Rheumatology Department, Royal Adelaide Hospital, Adelaide, South Australia, Australia.
Radiology Department, Royal Adelaide Hospital, Adelaide, South Australia, Australia.
Muscle Nerve. 2019 Nov;60(5):549-557. doi: 10.1002/mus.26660. Epub 2019 Aug 20.
This study assesses the burden, distribution, and evolution of muscle inflammation and damage on MRI among subtypes of idiopathic inflammatory myopathy (IIM).
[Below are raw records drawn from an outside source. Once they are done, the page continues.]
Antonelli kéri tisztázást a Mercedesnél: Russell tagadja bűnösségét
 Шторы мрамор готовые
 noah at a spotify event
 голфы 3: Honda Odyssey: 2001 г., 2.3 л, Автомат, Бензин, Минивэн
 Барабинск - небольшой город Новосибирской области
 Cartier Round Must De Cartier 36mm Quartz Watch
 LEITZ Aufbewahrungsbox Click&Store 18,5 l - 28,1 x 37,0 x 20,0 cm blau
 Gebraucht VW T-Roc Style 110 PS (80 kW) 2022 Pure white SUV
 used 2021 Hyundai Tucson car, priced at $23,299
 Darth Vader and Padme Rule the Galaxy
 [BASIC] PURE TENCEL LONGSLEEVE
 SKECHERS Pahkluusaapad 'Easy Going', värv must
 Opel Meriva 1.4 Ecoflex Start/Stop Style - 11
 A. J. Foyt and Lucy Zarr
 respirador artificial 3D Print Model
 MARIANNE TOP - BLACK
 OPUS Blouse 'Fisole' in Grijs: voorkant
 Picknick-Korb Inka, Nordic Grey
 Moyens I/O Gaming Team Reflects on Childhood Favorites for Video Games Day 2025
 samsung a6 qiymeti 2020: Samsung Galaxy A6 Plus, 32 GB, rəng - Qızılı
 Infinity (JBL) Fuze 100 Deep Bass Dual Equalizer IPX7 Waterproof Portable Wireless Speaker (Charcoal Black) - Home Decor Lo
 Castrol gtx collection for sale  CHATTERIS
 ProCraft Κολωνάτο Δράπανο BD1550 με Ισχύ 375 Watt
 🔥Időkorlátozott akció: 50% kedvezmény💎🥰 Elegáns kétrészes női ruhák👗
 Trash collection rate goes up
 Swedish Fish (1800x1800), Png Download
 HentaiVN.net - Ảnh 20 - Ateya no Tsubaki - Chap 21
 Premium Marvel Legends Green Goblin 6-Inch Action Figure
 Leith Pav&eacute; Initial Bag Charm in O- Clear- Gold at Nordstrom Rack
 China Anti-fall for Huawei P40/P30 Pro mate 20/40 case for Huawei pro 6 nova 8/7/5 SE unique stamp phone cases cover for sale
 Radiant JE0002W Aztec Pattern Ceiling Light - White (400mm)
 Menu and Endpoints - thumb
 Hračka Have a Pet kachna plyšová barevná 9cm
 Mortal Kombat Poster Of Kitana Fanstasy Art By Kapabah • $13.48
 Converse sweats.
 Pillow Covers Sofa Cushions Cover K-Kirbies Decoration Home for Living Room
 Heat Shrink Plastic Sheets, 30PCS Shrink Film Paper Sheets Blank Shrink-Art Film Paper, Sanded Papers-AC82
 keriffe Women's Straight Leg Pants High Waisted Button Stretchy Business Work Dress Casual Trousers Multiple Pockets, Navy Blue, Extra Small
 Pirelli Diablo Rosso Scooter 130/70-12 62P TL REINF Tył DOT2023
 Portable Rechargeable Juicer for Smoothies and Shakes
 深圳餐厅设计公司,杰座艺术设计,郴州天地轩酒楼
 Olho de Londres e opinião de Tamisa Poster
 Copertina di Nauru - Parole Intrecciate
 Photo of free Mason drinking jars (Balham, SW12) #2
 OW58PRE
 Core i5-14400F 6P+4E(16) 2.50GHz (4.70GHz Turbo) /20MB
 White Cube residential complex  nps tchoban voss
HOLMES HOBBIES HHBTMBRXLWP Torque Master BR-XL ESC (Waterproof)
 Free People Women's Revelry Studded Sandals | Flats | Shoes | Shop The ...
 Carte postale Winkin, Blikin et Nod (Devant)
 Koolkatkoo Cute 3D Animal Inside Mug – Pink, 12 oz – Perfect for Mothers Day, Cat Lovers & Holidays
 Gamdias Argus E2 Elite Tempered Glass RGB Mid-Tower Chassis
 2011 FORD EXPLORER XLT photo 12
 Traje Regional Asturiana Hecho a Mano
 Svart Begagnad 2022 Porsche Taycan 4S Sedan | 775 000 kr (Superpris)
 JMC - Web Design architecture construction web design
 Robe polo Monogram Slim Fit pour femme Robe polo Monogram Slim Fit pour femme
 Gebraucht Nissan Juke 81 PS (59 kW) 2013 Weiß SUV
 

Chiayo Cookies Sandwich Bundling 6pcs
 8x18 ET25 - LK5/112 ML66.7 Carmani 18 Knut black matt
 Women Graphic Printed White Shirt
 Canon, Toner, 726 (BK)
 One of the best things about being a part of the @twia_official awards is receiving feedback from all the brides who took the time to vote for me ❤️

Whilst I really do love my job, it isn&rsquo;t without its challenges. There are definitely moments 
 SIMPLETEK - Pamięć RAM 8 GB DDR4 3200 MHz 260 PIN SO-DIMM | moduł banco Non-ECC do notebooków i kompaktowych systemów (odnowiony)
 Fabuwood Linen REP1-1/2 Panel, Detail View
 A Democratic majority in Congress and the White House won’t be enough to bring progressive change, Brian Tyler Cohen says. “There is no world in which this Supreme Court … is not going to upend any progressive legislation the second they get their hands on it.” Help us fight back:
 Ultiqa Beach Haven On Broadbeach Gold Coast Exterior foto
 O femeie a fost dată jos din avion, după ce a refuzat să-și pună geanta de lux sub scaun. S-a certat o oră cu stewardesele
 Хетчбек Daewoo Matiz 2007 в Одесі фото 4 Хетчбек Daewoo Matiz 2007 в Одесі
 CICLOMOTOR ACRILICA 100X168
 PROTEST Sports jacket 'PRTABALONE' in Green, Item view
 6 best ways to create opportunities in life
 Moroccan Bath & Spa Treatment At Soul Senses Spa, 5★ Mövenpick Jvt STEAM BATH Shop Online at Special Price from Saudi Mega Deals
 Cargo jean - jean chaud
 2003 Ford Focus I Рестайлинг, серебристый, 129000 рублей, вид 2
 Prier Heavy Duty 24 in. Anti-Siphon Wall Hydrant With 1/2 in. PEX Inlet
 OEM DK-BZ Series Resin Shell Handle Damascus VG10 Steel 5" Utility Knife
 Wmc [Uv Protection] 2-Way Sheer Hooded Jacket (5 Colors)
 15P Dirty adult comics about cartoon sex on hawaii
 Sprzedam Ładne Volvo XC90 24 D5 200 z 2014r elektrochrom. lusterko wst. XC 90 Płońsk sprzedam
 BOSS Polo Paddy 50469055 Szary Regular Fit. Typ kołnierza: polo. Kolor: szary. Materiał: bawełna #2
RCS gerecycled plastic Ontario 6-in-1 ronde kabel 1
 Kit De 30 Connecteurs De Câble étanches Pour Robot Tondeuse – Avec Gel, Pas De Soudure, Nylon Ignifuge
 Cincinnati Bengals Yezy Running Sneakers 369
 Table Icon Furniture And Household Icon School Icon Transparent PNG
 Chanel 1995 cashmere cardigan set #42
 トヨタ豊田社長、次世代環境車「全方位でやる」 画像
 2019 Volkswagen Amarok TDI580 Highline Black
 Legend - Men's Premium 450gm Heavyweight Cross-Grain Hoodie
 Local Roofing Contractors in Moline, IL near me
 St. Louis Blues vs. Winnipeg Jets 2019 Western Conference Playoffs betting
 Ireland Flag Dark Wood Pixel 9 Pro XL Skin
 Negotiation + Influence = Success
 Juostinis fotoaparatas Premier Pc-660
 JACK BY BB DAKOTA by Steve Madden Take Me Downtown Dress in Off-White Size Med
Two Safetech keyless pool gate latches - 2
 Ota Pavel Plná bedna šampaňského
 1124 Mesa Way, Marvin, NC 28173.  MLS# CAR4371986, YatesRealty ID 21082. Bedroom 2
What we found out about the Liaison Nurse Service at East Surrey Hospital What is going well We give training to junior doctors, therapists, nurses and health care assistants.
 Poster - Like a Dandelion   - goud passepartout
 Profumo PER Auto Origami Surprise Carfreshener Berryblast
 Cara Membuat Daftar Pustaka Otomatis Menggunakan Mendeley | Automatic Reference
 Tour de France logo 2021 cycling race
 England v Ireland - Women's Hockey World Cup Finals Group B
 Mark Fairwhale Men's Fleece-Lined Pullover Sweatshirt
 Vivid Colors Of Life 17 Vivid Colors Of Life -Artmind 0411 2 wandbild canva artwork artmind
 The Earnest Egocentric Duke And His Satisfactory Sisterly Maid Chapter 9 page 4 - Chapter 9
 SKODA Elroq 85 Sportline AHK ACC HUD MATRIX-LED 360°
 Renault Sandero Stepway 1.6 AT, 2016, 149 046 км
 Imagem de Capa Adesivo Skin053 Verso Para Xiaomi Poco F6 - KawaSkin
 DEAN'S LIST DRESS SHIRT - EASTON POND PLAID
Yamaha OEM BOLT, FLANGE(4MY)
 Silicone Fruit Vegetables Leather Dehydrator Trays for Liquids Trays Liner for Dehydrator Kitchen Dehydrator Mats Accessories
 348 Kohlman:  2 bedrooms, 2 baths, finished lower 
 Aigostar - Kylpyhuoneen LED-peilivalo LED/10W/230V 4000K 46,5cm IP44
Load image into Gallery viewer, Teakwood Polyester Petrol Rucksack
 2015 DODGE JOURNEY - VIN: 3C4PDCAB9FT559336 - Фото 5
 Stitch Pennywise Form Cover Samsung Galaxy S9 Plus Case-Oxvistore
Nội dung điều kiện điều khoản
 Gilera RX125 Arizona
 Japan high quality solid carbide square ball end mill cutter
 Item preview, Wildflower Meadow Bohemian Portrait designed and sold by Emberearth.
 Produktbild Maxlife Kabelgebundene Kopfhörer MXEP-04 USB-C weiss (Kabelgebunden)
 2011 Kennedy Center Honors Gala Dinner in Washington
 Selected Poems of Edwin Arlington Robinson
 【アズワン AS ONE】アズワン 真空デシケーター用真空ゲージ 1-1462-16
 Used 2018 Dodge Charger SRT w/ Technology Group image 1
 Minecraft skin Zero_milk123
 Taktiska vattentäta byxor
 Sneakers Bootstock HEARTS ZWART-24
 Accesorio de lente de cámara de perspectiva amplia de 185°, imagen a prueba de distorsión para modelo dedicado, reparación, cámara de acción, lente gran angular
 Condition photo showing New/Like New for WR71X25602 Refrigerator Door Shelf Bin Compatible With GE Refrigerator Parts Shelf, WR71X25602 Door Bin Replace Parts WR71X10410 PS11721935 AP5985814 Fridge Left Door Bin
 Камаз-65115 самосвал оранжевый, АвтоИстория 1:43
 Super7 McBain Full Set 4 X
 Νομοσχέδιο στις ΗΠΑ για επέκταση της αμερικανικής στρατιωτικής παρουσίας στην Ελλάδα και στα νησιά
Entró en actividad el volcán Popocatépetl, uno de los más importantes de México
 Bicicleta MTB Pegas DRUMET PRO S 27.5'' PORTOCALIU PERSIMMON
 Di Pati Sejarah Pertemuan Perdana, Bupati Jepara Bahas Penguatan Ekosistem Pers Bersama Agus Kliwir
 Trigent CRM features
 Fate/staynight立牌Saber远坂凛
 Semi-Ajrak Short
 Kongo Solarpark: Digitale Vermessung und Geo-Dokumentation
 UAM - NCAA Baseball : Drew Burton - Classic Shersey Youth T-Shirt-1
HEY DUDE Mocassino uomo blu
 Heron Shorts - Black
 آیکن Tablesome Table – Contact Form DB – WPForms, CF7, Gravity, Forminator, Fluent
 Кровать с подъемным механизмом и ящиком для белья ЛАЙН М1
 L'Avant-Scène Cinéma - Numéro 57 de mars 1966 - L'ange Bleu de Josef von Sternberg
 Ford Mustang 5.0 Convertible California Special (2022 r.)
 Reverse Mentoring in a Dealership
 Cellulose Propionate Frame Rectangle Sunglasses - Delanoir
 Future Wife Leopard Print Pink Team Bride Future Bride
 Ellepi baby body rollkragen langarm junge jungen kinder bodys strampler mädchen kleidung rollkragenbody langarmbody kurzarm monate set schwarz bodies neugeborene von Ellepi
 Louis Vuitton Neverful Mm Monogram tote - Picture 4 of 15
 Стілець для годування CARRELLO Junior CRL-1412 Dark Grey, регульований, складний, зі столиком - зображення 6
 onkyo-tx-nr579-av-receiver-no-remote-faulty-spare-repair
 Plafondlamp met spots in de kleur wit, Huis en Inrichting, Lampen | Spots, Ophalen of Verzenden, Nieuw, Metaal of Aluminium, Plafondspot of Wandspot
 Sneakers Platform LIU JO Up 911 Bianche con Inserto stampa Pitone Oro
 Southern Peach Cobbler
Musculoskeletal MRIs performed in 66 patients with IIM and 10 patients with non-IIM between 2009 and 2016 were retrospectively graded for muscle edema, fatty replacement (FR), and atrophy.
Immune-mediated necrotizing myopathy (IMNM) patients had severe and extensive lower limb muscle edema, FR, and atrophy. The pelvic muscles and adductors were significantly more affected than in patients with dermatomyositis and polymyositis. Inclusion body myositis (IBM) was characterized by marked anterior thigh involvement, which stabilized or progressed at follow-up imaging. Atrophy and FR grades improved over time in some non-IBM IIM patients.
Patients with IMNM and IBM have characteristic patterns of muscle MRI abnormalities that may allow them to be differentiated radiologically from other IIM subtypes. Muscle damage in non-IBM IIM may be reversible.
本研究评估了特发性炎性肌病(IIM)各亚型患者 MRI 上肌肉炎症和损伤的负担、分布和演变。
回顾性分析了 2009 年至 2016 年间 66 例 IIM 患者和 10 例非 IIM 患者的肌肉骨骼 MRI,对肌肉水肿、脂肪浸润(FR)和萎缩进行分级。
免疫介导的坏死性肌病(IMNM)患者下肢肌肉水肿、FR 和萎缩严重且广泛。骨盆肌肉和内收肌的受累程度明显高于皮肌炎和多发性肌炎患者。包涵体肌炎(IBM)的特征是大腿前部明显受累,随访时影像学表现稳定或进展。一些非 IBM IIM 患者的肌肉萎缩和 FR 分级随时间推移而改善。
IMNM 和 IBM 患者具有特征性的肌肉 MRI 异常模式,可能使他们能够在影像学上与其他 IIM 亚型区分开来。非 IBM IIM 中的肌肉损伤可能是可逆的。